O MBE apresentou caminhos novos ao ministro. Primeiro, mostrou que é possível aglutinar todos os tributos federais e estaduais que incidem na circulação de uma mercadoria, sem mexer nas proporções que cada ente de governo recebe naquele tributo, bastando criar uma porcentagem fixa — uma “URV fiscal” — assim permitindo ao reformador do sistema evitar lidar com a dificuldade intratável de compensar aos “perdedores”, os estados prejudicados na aplicação do tributo reformado. Isso é verdade no caso do ICMS, imposto cuja receita vai passando de um estado para outro com alíquotas diferentes. A regra de ouro criada pela proposta do MBE diz: “Ninguém ganha; ninguém perde”. A arrecadação pós-reforma continuará preservada nas proporções exatas para cada ente até o nível do dia da mudança. Não há necessidade de se inventar qualquer “fundo de compensação aos perdedores”. Não há perdedores. Ganha, sim, o penado contribuinte, com uma simplificação radical do modo de pagar. Em segundo lugar, ao se aglutinar, desde logo, o ICMS às contribuições federais, como PIS, Cofins, Contribuição Previdenciária Patronal e, também, o IPI, se torna possível respeitar as participações da União, estados e municípios, portanto regularizar — sem prejudicar — os inventivos fiscais existentes, e acabar com a terrível sobreposição de tributos hoje praticada. Finalmente, cria-se o Conselho de Gestão Fiscal, tão falado pelos candidatos, que já tramita no Senado Federal, por iniciativa do próprio MBE.

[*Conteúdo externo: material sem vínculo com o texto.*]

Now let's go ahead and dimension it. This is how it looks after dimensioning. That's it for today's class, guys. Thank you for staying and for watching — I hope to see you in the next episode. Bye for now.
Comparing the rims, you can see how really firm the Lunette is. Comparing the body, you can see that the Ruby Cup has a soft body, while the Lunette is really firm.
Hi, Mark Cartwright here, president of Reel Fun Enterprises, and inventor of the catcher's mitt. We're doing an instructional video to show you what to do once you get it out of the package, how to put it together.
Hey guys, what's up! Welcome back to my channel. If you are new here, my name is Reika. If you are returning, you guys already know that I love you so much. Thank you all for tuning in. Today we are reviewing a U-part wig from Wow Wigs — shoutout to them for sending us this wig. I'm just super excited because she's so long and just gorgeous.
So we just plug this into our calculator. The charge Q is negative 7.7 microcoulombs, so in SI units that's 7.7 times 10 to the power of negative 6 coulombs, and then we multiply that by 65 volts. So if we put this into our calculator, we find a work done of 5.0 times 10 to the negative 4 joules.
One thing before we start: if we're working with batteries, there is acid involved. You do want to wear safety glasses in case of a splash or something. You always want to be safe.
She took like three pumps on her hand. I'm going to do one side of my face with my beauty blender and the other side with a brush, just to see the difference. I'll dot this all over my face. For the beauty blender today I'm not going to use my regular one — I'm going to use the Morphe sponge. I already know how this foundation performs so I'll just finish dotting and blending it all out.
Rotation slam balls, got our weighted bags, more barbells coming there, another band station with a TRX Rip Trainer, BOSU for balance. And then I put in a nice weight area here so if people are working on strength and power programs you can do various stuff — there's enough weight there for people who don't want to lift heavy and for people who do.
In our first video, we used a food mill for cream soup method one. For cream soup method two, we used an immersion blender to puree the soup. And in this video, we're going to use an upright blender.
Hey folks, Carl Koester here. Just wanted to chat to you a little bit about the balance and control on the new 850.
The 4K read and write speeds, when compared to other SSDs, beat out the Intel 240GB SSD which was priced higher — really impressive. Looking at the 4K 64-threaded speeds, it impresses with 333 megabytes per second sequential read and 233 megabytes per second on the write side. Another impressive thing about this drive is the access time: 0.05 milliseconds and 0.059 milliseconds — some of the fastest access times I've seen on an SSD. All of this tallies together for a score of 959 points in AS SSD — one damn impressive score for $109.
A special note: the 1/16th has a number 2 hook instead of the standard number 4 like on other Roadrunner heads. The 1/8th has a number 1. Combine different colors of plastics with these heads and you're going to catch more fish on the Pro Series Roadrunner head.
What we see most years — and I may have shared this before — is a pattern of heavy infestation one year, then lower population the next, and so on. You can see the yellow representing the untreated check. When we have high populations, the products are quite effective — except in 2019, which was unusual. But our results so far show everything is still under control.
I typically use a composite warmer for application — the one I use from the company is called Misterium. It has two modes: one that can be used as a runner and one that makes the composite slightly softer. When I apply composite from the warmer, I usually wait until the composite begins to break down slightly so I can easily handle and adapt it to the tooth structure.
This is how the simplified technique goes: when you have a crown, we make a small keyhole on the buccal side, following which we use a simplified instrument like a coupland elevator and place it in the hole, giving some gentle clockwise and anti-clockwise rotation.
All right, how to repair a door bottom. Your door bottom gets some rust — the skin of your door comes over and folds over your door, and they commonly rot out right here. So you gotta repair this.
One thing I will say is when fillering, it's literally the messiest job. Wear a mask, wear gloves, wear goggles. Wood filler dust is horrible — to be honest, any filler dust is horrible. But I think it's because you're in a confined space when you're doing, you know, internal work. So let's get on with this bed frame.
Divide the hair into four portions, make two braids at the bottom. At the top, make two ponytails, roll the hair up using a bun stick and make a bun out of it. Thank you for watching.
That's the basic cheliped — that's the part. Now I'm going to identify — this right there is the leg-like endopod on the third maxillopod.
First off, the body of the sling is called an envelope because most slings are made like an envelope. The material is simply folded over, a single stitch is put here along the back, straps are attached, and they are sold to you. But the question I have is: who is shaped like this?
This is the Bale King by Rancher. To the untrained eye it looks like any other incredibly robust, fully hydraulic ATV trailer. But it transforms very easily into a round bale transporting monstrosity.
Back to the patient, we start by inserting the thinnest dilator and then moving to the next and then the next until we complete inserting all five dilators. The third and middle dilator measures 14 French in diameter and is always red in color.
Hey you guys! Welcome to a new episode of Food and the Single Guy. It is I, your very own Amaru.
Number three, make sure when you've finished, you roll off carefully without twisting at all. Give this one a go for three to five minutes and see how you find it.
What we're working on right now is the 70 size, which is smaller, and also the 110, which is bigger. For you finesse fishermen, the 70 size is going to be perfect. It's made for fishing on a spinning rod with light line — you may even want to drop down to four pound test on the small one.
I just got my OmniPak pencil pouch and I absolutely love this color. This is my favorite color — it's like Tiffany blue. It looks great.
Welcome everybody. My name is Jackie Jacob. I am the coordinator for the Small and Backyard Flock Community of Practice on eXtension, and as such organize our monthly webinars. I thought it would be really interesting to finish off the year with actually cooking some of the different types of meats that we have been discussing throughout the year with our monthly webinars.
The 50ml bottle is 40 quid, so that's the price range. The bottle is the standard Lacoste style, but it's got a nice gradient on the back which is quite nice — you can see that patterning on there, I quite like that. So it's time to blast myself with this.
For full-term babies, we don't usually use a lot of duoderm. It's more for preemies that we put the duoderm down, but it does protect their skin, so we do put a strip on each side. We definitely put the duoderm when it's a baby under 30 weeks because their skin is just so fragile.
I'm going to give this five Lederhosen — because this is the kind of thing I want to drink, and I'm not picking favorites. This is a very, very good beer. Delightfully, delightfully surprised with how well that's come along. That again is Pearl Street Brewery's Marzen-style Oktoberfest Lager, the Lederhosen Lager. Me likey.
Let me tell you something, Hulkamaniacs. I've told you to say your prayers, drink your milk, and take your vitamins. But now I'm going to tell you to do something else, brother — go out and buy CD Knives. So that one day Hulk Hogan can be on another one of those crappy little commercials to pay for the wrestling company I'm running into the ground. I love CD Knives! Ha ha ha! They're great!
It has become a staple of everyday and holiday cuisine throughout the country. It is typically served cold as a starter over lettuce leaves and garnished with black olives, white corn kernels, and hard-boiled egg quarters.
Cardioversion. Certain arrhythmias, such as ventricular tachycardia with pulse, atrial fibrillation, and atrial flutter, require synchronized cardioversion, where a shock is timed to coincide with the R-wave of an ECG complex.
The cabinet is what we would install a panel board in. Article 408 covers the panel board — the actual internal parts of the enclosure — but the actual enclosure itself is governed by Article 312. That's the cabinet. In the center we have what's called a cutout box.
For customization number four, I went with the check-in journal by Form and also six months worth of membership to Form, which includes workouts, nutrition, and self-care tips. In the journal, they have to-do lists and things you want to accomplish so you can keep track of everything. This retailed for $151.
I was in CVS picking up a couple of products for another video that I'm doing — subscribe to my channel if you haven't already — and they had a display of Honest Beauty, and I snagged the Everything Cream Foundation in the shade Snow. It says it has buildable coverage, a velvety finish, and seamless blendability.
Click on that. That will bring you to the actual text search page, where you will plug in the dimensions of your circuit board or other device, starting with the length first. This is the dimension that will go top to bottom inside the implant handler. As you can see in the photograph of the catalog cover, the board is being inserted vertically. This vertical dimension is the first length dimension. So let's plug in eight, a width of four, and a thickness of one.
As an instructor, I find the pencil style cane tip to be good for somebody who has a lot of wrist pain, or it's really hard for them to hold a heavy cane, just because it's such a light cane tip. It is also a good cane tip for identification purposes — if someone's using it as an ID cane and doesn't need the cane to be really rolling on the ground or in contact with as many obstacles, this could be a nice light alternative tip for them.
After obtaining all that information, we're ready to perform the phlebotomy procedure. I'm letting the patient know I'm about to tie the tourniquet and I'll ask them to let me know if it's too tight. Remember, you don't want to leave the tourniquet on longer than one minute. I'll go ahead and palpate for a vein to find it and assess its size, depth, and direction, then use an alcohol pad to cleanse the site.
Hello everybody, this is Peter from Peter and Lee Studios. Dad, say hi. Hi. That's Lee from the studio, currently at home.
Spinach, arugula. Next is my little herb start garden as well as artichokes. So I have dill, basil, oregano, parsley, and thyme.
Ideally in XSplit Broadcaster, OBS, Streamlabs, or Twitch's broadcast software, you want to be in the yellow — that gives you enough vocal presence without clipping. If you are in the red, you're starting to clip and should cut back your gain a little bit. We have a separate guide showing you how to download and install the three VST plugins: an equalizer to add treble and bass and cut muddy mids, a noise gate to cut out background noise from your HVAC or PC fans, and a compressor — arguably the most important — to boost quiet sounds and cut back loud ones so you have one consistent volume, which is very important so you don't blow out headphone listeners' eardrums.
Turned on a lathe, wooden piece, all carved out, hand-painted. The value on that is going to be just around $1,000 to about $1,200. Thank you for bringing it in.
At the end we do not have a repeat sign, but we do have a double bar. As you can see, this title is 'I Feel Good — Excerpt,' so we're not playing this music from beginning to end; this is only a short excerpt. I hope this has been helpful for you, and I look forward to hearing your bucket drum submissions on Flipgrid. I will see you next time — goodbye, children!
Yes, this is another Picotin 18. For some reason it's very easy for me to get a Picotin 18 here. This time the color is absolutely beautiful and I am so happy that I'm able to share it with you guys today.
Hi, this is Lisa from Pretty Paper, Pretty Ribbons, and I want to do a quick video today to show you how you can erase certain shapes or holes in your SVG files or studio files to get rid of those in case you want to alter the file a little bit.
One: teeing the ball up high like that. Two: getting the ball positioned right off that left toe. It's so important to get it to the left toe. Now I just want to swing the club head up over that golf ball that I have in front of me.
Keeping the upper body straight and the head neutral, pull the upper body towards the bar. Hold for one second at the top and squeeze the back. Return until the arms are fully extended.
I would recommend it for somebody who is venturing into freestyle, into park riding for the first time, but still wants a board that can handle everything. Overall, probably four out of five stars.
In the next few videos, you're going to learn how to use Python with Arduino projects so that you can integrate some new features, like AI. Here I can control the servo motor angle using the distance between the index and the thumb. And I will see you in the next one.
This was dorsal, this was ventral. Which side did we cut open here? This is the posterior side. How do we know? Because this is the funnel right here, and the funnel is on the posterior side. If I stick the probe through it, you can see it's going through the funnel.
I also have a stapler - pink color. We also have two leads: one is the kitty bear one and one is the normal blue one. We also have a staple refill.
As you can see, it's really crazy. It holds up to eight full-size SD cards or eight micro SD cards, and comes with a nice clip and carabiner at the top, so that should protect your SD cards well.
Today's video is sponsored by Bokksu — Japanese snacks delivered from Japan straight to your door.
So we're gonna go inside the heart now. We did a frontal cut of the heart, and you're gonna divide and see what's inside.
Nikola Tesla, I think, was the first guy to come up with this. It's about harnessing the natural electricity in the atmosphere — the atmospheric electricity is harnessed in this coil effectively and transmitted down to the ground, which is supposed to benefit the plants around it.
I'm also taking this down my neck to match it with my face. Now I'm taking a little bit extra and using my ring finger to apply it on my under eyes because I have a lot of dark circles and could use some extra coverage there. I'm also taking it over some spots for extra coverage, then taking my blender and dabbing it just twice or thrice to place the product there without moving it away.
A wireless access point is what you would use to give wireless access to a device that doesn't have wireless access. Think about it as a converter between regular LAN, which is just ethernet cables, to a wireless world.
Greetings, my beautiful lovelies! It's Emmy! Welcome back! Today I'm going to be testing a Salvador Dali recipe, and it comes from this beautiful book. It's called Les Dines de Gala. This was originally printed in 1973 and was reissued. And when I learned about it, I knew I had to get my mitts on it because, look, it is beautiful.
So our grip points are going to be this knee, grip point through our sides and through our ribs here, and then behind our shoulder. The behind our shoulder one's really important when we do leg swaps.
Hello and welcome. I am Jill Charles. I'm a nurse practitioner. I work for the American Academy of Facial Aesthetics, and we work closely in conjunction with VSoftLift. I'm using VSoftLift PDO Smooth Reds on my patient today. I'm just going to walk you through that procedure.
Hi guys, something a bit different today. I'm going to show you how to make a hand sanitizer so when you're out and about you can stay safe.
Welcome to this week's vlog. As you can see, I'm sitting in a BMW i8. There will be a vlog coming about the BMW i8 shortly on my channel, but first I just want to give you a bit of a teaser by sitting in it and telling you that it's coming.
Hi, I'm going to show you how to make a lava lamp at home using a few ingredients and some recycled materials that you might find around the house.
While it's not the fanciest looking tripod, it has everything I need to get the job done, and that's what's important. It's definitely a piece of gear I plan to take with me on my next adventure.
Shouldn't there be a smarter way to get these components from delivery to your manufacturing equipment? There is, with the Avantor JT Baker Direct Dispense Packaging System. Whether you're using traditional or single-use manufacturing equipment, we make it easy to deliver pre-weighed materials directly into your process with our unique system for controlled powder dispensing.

O governo Dilma e seu ministro insistem noutro caminho. Querem votar uma reforma “aos pedaços” em que não se vislumbra aonde querem chegar, tornando impossível sua compreensão pelos parlamentares. Além disso, a versão que o governo quer votar lida mal com os tais estados “perdedores”, tentando repor perdas futuras com dois fundos compensatórios (FCR e FDR). Em vez de fazer uma reforma neutra em seus efeitos, como propõe o MBE, o governo pagará pelo menos R$ 20 bilhões, por ano, em “compensações” aos supostos entes perdedores, por duas décadas (!), tudo às custas — pasmem — do contribuinte, a quem a reforma prometera defender. Ora, esses fundos não deram certo na Lei Kandir e tornarão a pretendida reforma mais um “saco sem fundo”, pela choradeira dos supostos prejudicados. É puro retrocesso; isso não é reforma.
O ministro Mantega não deu bola para as sugestões práticas da sociedade. A presidente Dilma agora parece ter pressa. Essas duas atitudes, indiferença a boas ideias e pressa no erro, poderão tornar o governo, mal reeleito, objeto de ainda mais desconfiança, inviabilizando a retomada dos negócios no país. O contribuinte, silencioso em seu sofrimento diário, não está morto. Sua paciência roça no limite do bom comportamento. Os 250 mil brasileiros que assinaram as sugestões do MBE querem ser ouvidos, seja em palácio, no Congresso, ou nas ruas.